E sono dati ufficiali ISTAT, quindi ampiamente annacquati da chi vuole addolcirvi la pillola...immaginate quelli reali.
Giova notare che nello stesso periodo l'oro si è apprezzato del 248%, il Nasdaq del 352% e....bitcoin del 2000% (=duemila percento
)Ripetiamo quello che su queste pagine diciamo da mesi/anni: è in corso da almeno un ventennio un immenso trasferimento di ricchezza da chi vive di lavoro a chi vive di rendita.
In tutto il mondo ma nelle economie più deboli come la nostra, ancora di più.
E andrà sempre peggio (o meglio a seconda dei punti di vista)
Non esistono alternative alla discesa nella povertà più nera che non siano il risparmio e l'investimento. E, corollari di questo, la conoscenza, l'informazione, la propensione ad un giusto e ponderato rischio.

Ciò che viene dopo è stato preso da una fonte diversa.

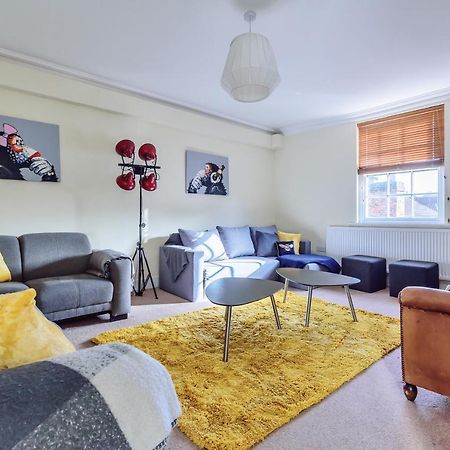 Apartmán 37A Stonegate Loft York Exteriér fotografie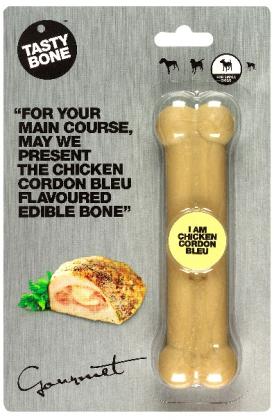 Tasty Bone Gourmet Edible Bone - Small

Il vecchio mantra del "lavoro duro" serve solo a farvi diventare poveri con l'aggiunta di dolori alla schiena, trascuratezza degli affetti più cari, tempo sprecato in cazzate inutili.
Sorprendentemente ma non troppo, le persone comuni vivono in una bolla, con fette di prosciutto davanti agli occhi, ignorando questa realtà cristallina. E continuano, come criceti, a girare sulla ruota.
La cosa peggiore è che il tempo gioca contro di loro.